== Segment start ==
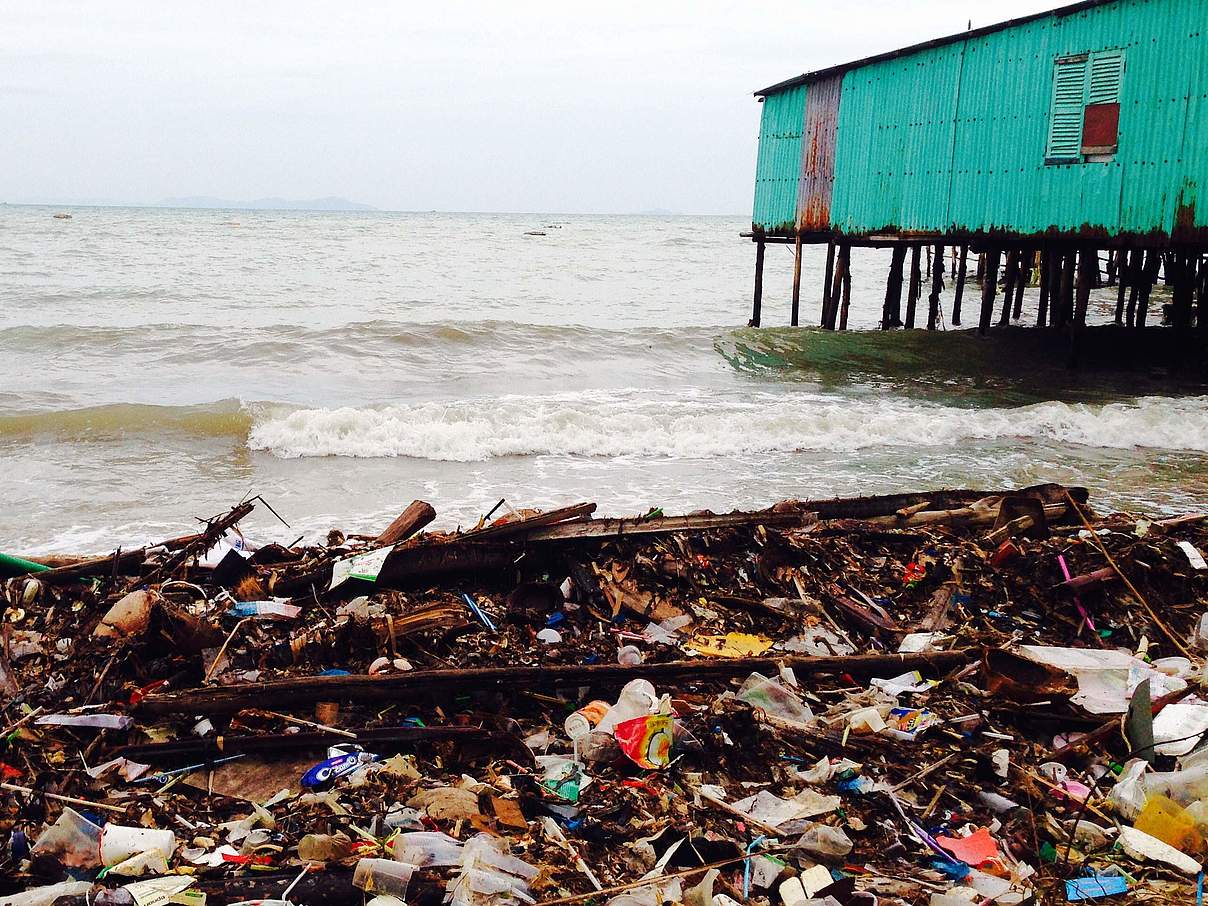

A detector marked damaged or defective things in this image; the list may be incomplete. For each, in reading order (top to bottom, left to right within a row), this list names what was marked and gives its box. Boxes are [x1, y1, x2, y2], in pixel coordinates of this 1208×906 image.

rusty metal wall [797, 73, 845, 231]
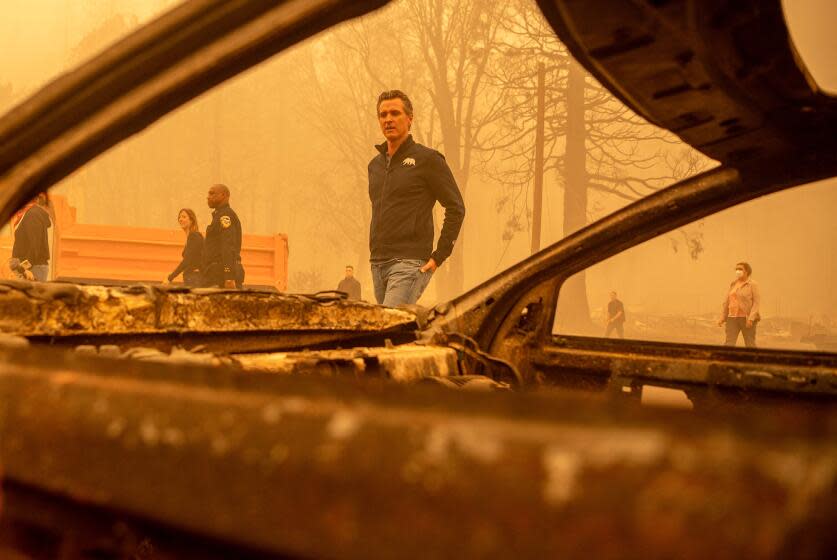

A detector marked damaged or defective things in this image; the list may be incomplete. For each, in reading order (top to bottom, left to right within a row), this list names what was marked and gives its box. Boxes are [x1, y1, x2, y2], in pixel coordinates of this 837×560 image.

rusted metal surface [0, 280, 414, 336]
rusted metal surface [0, 348, 832, 556]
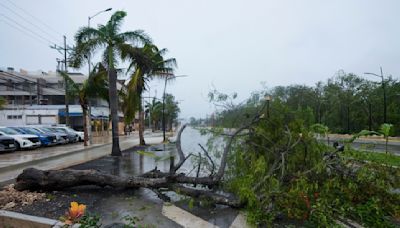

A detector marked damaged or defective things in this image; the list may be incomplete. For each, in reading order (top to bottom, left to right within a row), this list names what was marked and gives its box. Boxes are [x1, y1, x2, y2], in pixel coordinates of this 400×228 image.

storm damage debris pile [0, 184, 45, 209]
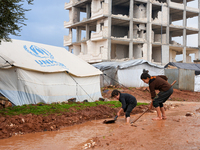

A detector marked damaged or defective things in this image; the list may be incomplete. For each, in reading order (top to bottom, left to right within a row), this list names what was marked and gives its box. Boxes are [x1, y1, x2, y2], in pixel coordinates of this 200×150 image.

damaged building [64, 0, 200, 64]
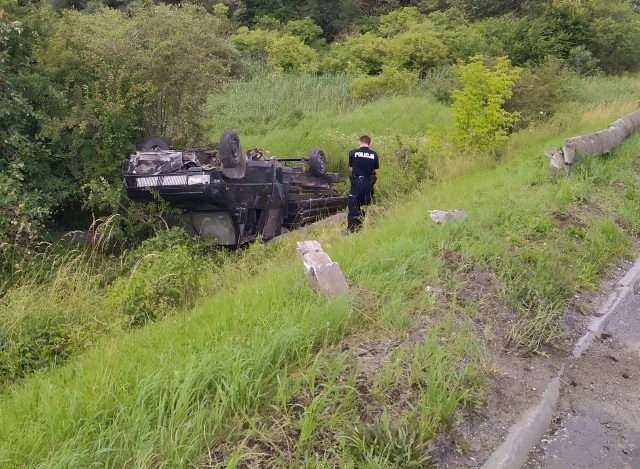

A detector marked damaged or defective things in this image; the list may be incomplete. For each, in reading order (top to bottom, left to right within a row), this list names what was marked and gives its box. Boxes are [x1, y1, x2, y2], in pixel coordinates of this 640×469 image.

overturned vehicle [123, 132, 348, 245]
broken concrete barrier [296, 239, 350, 298]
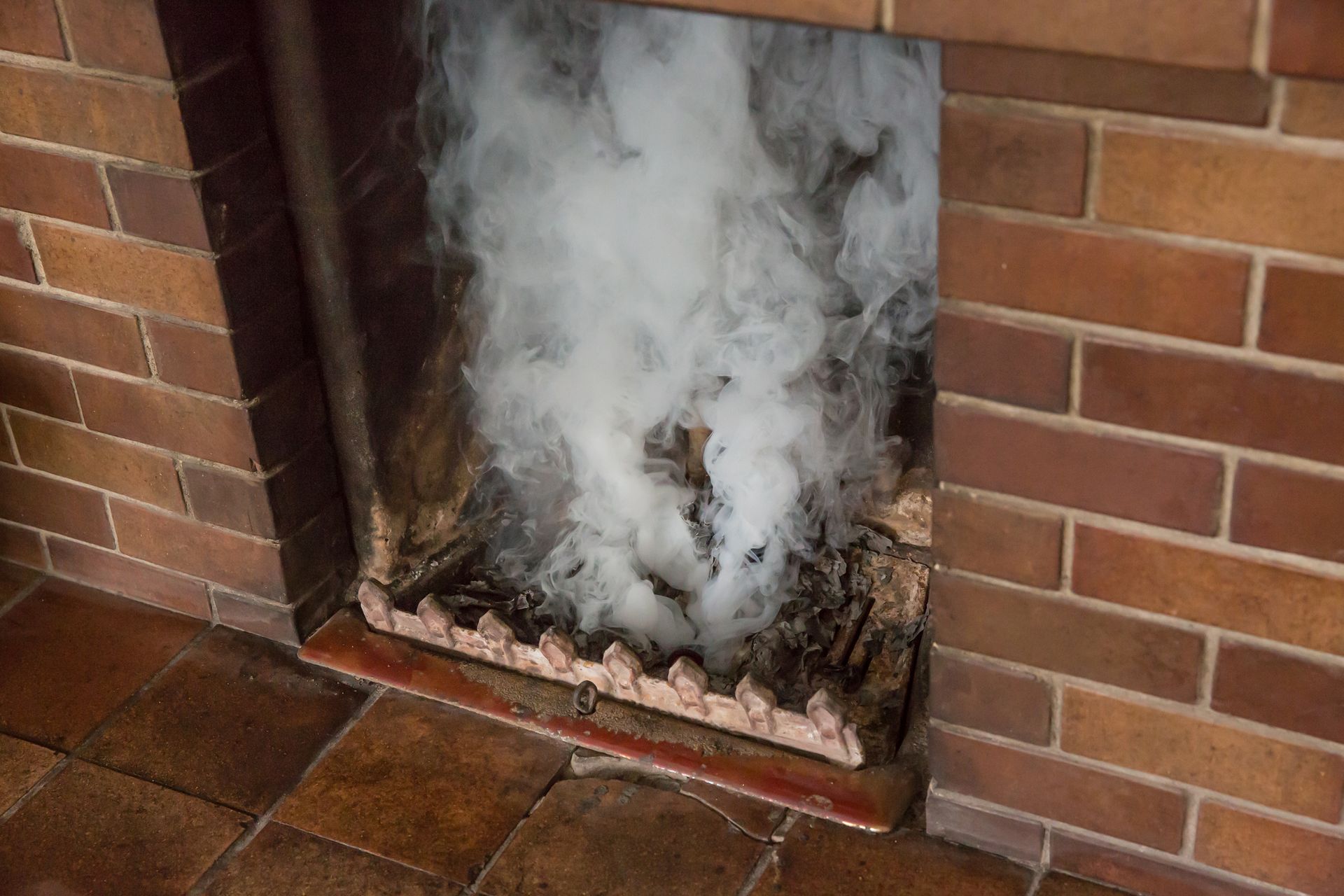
== Segment end ==
Write out exactly the lines running from the one with "this 640×469 image." through the end of the material, both ends included, while leaving the pictures out.

◆ Task solution ◆
A detector marked damaged or defective things in this image; the list may be incomplete. For each, in reading order (top to bottom, left to right within a row), this list names what was marked and gives its box. Boxes are [x1, y1, x2, y2], in pixel coordinates of this 640×469 image.

overturned vehicle [123, 132, 348, 245]
broken concrete barrier [296, 239, 350, 298]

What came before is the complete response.